### EXTRACTED RECORDS:
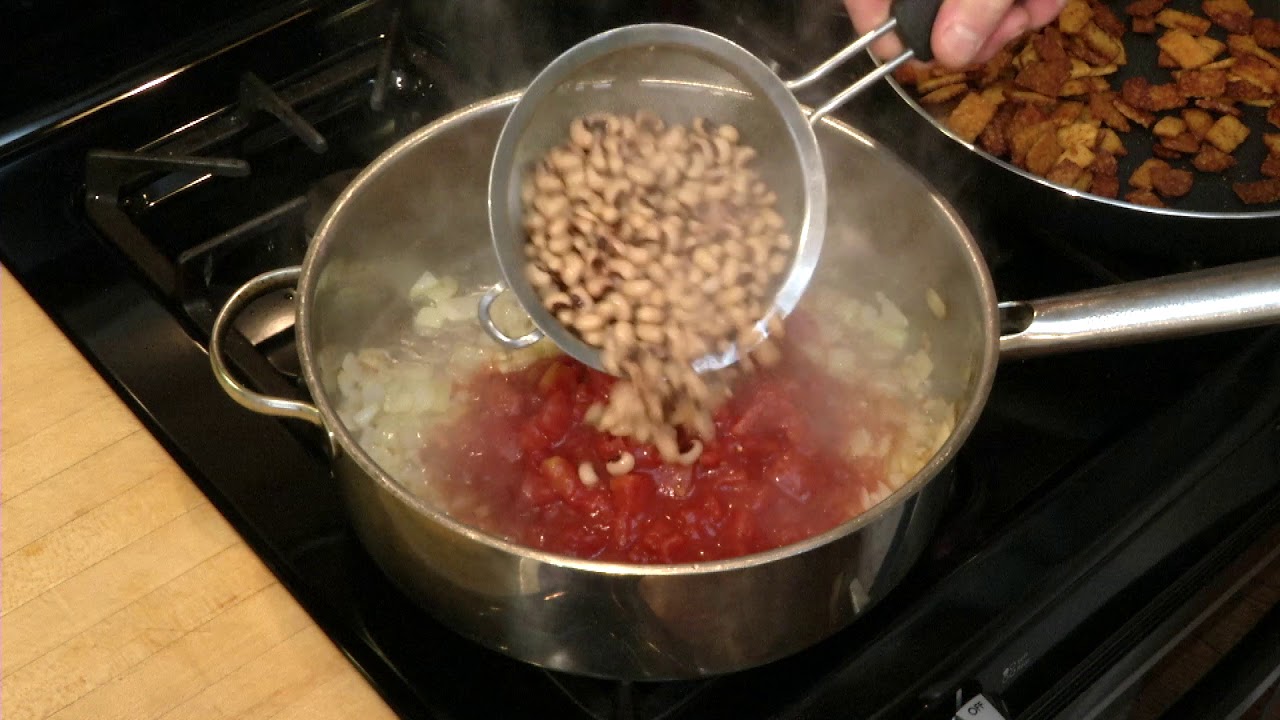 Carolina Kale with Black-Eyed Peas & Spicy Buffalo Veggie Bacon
--
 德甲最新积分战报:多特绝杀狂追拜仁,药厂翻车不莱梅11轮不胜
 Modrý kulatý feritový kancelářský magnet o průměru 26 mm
...
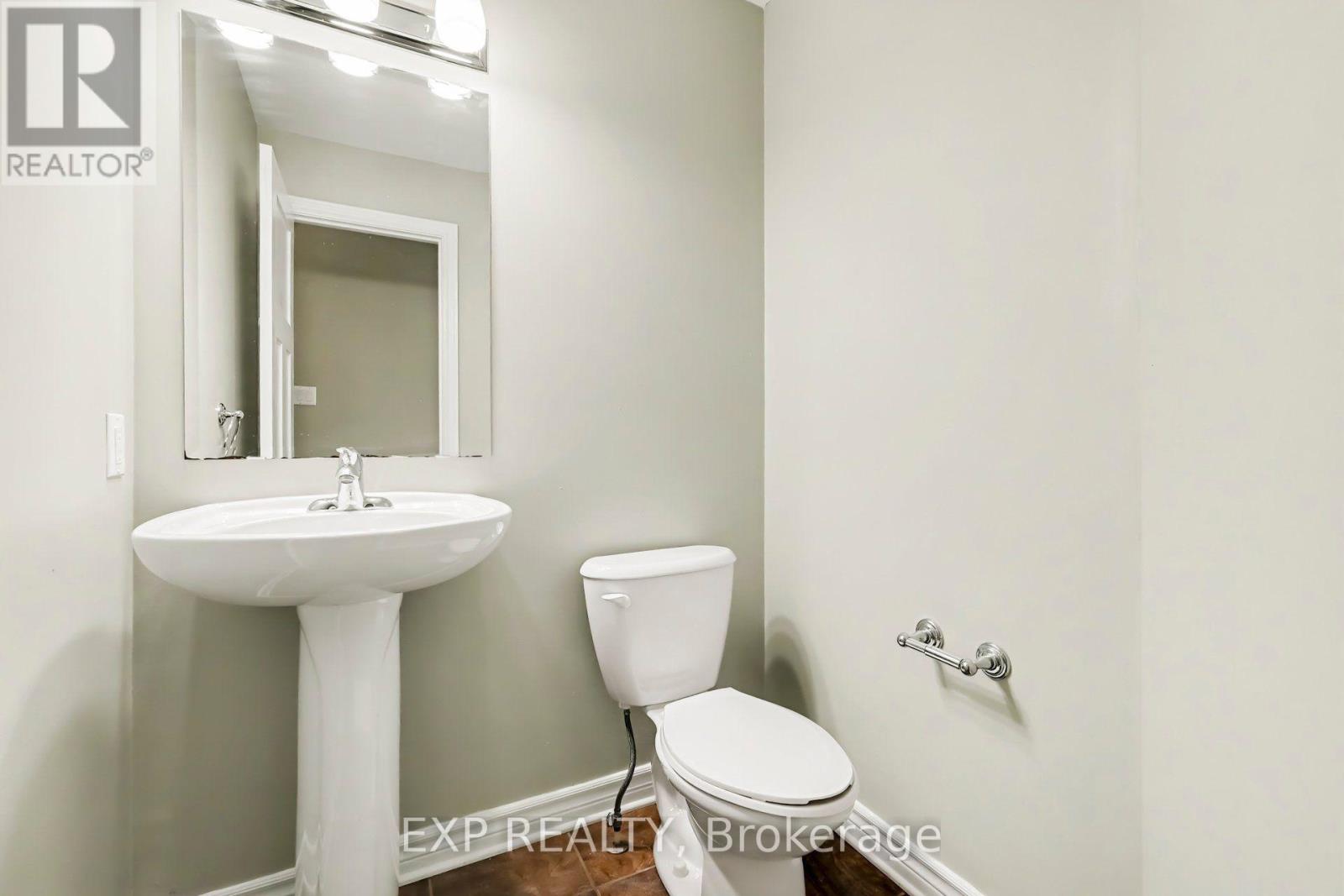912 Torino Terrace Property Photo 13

### REQUIRED ACTION:
In the listing above, locate the line with "德甲最新积分战报:多特绝杀狂追拜仁,药厂翻车不莱梅11轮不胜" and the line with "Modrý kulatý feritový", then extract exactly those lines and every line between them, and nothing more.

### EXERCISE RESULT:
 德甲最新积分战报:多特绝杀狂追拜仁,药厂翻车不莱梅11轮不胜
 Modrý kulatý feritový kancelářský magnet o průměru 26 mm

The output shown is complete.